I am facing several issues.

1) When I define genre as index, aws provides only three data types (string, binary, number) not allowing us to store a list type data. It gives an unexpected data type error.

2) If I do not define it as index I am not allowed to fetch the data. DynamoDB asks for hash key, which is not possible in my case as I am fetching a listing that should not depend on a hash key(primary key).

{
  "description": "********",
  "genre": [
    "Kids",
    "Documentary"
  ],
  "language": "******",
  "status": "0",
  "thumb_url": "******",
  "title": "******",
  "uploaded_by": "****** ",
  "url": "******",
  "video_id": 1330051052
}

Code to fetch data

$DynamoDbClient = AWS::get('DynamoDb');
        $result = $DynamoDbClient->query(array(
            'TableName' => 'videos',
            'IndexName' => 'genre-index',
            'AttributesToGet' => array('video_id', 'language', 'description'),
            'KeyConditions' => array(
                // Key attribute
                // This is non-key attribute
                'genre' => array(
                    'ComparisonOperator' => 'EQ',
                    'AttributeValueList' => array(
                        array("S" => "Kids"),
                    )
                ),
            ),
        ));

In the above code I am looking for videos in Kids genre. but it returns blank and gives error if I don't declare genre as index.
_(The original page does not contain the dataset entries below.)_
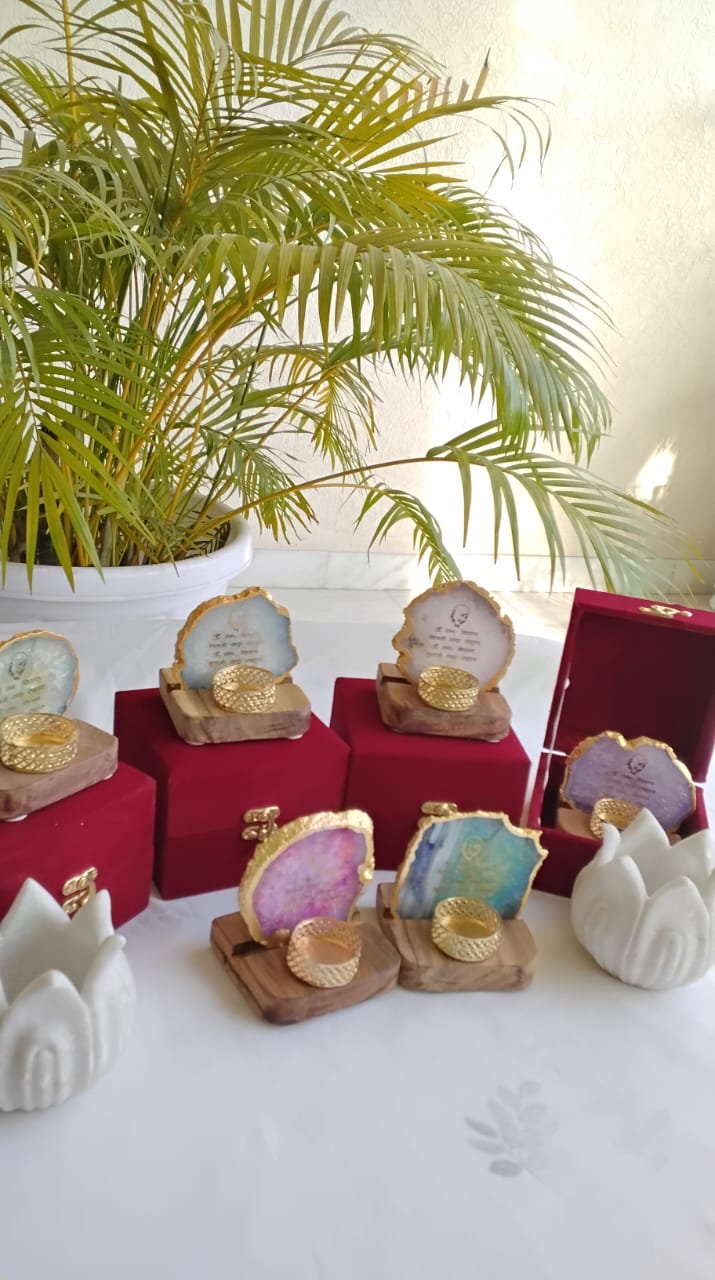Guruji Sada Sahai Mantra Agate with Tealight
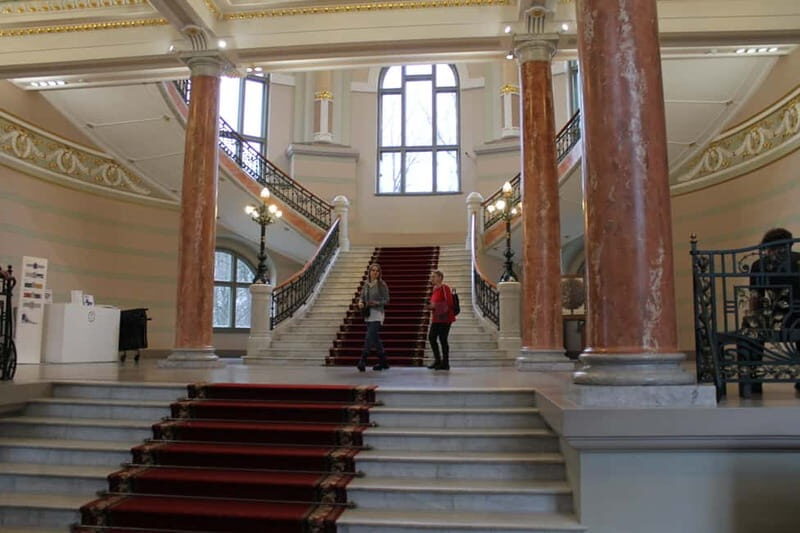Riga: Latvian Art Museum, Dinner, and Black Balsam Tasting - FAQ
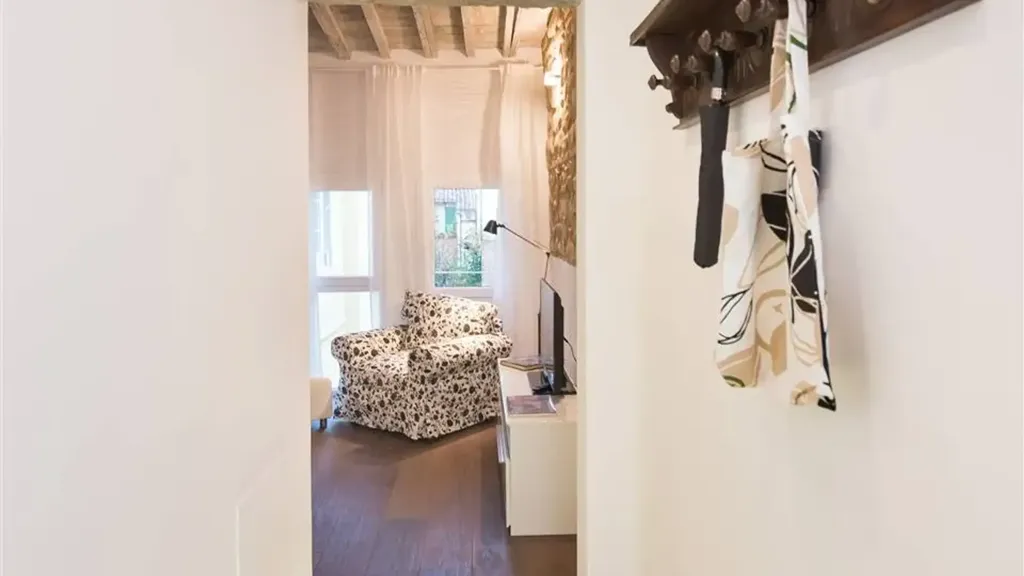 Entrée - Restored Apartment with Terrace in Florence Centre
Same video can belong to multiple genre.

So is there anyway that I can search inside a list OR am I not using API in a right way? Help is always appreciated.

回答1:

There is on thing about NoSQL is that it wont fit every where, but I had similar situation with my client, here is my solution:

videoMaster (videoId(hash), desc, link ..etc)
tagDetail (tagId(hash), videoId(Range))

Now you can query by passing tagId (kids, study..etc) you will get all the videos of particular tags

Your data in tagDetail will look something like:

kids -> video1
kids -> video2
Education -> video1
Education -> video3

Problem with the above solution: If you have billions of videos in one particular tag then your performance will be affected as the Hash is not distributed properly.

Small Tip: You can implement caching mechanism for your table reads so that you don't have to query your database every time.